WORK TASK: Restate word for word the lines below, from the one containing "VA Label Square Beanie / Black" through the final line, with no pictures included.
BEGIN EXERCISE MATERIAL
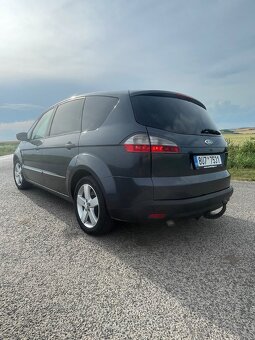 S-MAX - 8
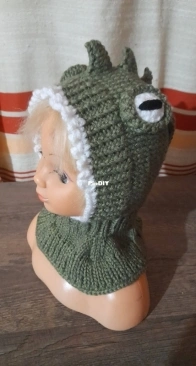 Dino hat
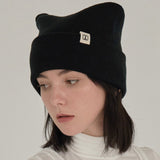 VA Label Square Beanie / Black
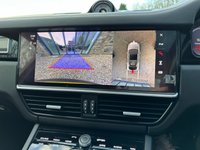 USED 2023 23 PORSCHE CAYENNE 3.0 V6 E-Hybrid 17.9kWh Platinum Edition Coupe 5dr Petrol Plug-in Hybrid TiptronicS 4WD Euro 6 (s/s) (3.6kW Charger) (462 ps) AIR SUSPENSION/22 IN SPIDER ALLOYS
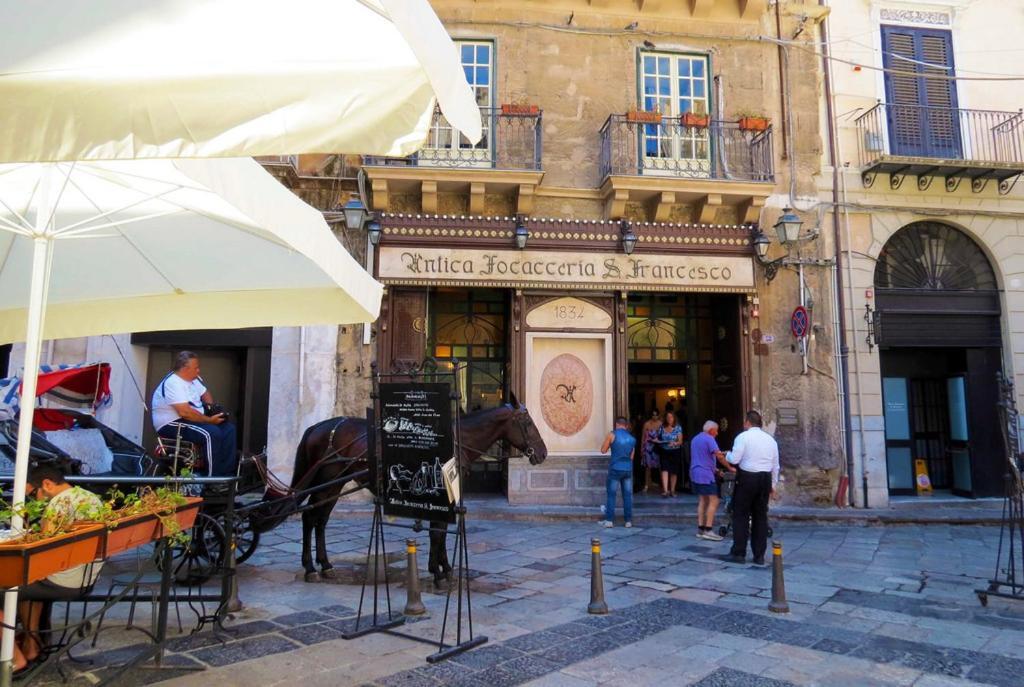 B&B Allisciari Palermo Exterior photo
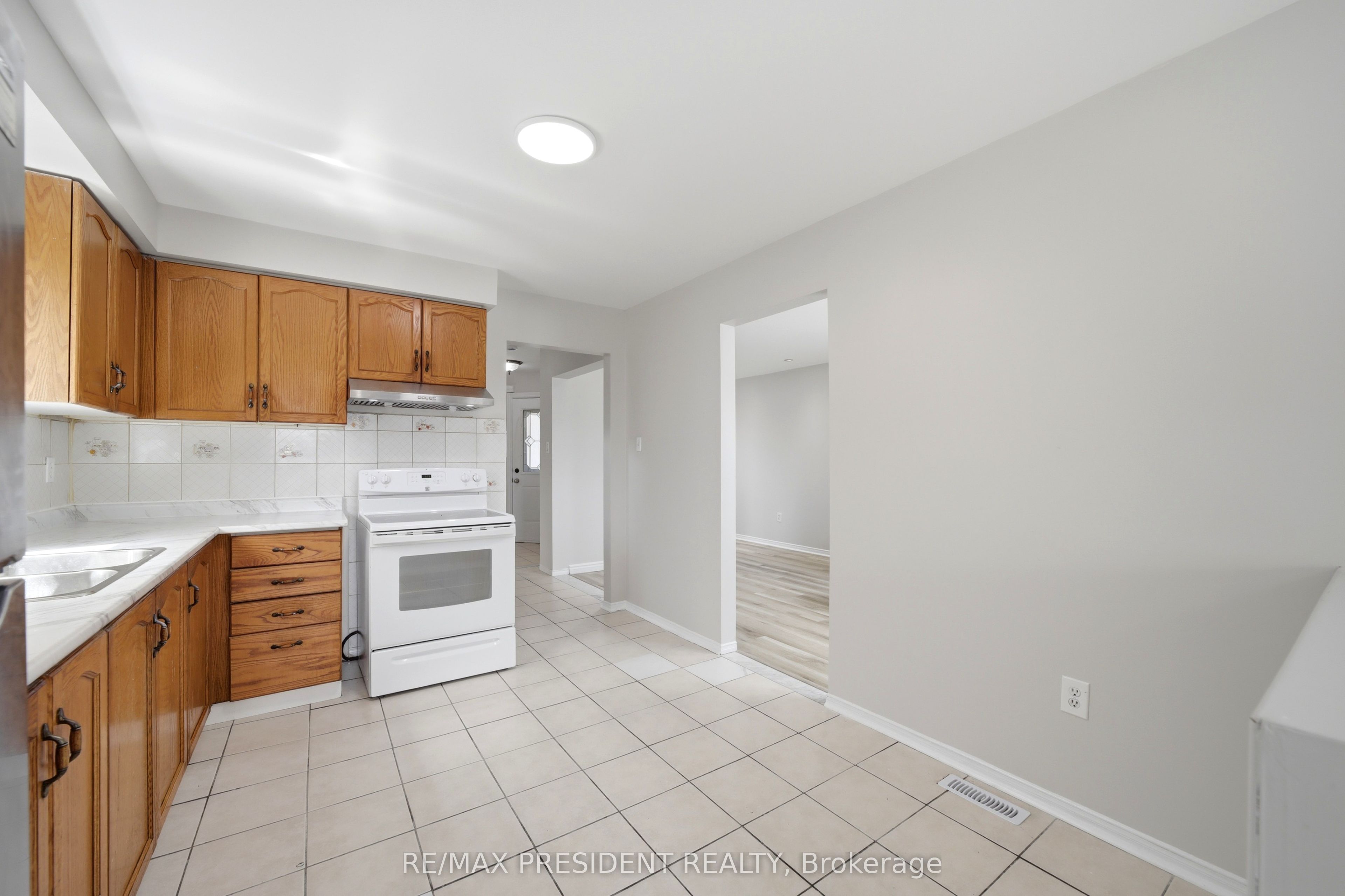112 Ravenswood Drive Property Photo 10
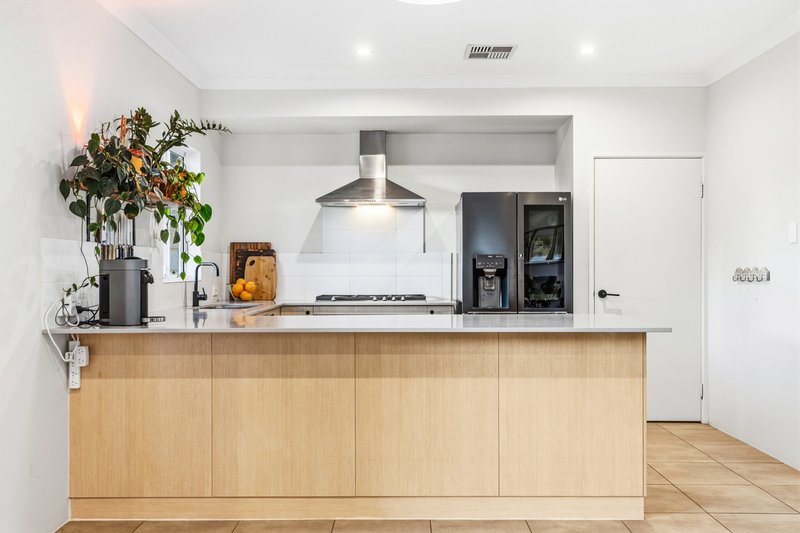 Photo - 33 Berryana Loop, Girrawheen WA 6064 - Image 11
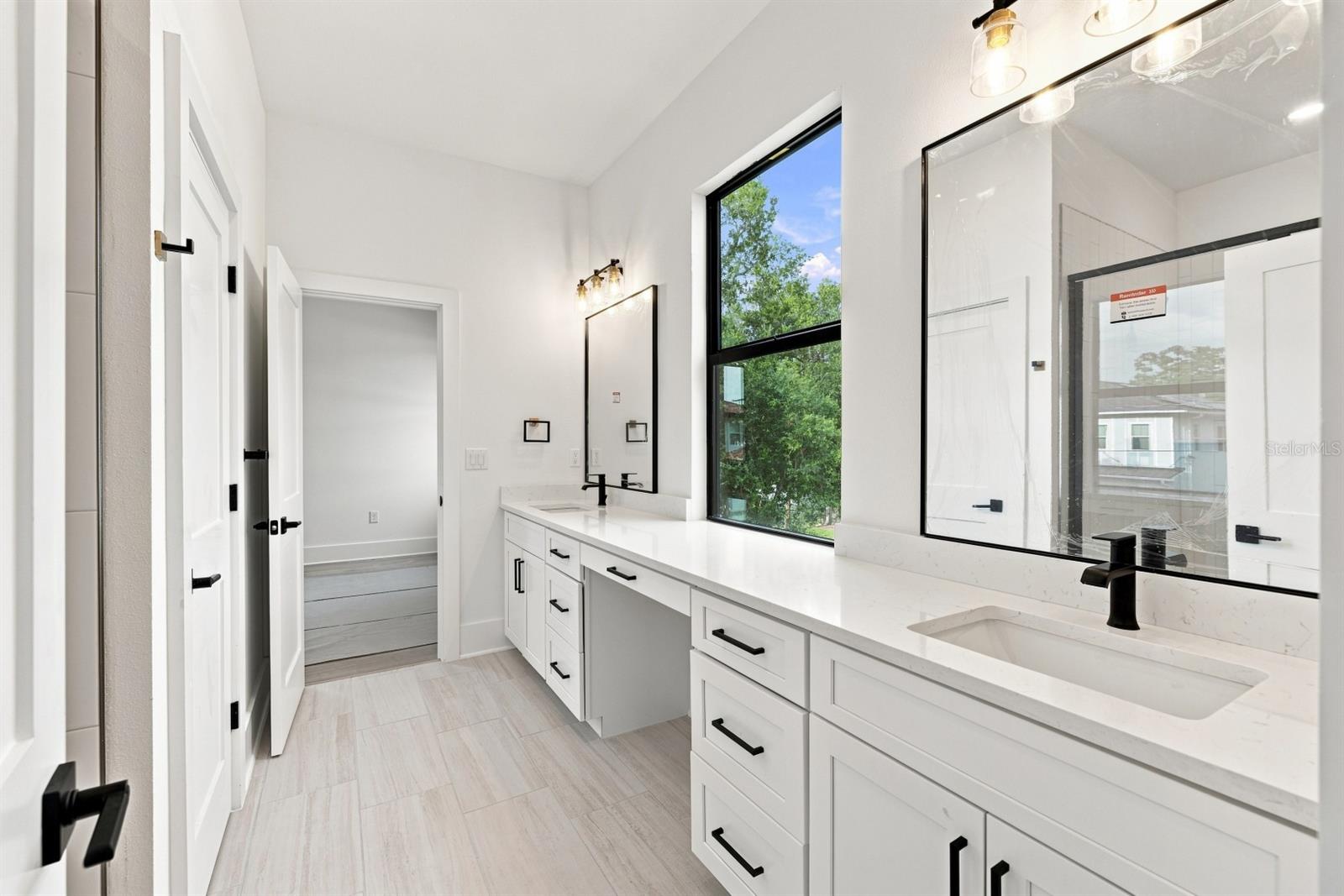 5407 S ELKINS AVE — photo 30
END EXERCISE MATERIAL
WRITTEN ANSWER:
 VA Label Square Beanie / Black
 USED 2023 23 PORSCHE CAYENNE 3.0 V6 E-Hybrid 17.9kWh Platinum Edition Coupe 5dr Petrol Plug-in Hybrid TiptronicS 4WD Euro 6 (s/s) (3.6kW Charger) (462 ps) AIR SUSPENSION/22 IN SPIDER ALLOYS
 B&B Allisciari Palermo Exterior photo
112 Ravenswood Drive Property Photo 10
 Photo - 33 Berryana Loop, Girrawheen WA 6064 - Image 11
 5407 S ELKINS AVE — photo 30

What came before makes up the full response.